Data for processing:
***
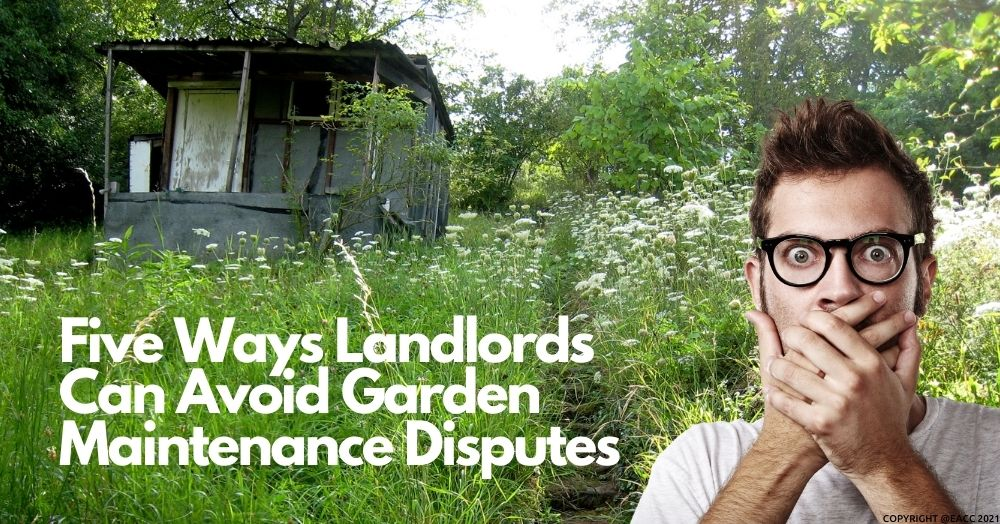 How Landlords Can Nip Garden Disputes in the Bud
***
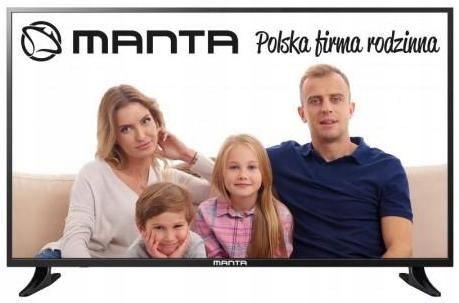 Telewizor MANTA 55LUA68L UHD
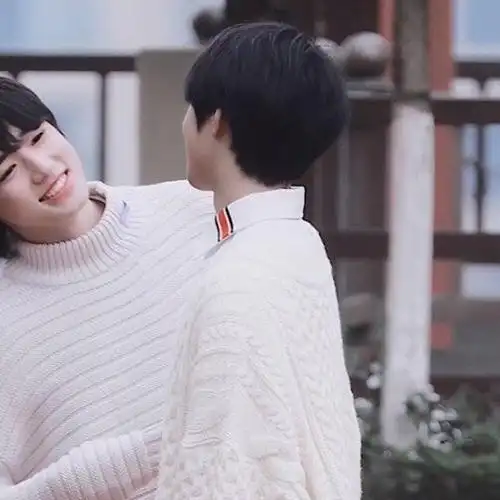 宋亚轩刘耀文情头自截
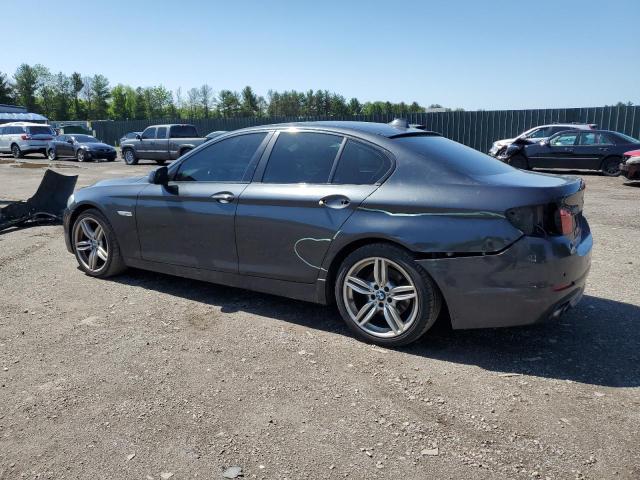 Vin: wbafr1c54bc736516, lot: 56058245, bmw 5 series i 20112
***
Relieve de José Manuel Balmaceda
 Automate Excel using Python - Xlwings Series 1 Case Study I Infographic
***
What you need to do:
Could the stretch from the line with "Telewizor MANTA 55LUA68L UHD" through the line with "Vin: wbafr1c54bc736516, lot: 56058245, bmw" in the listing above be restated word for word, minus the pictures?

Exercise result:
 Telewizor MANTA 55LUA68L UHD
 宋亚轩刘耀文情头自截
 Vin: wbafr1c54bc736516, lot: 56058245, bmw 5 series i 20112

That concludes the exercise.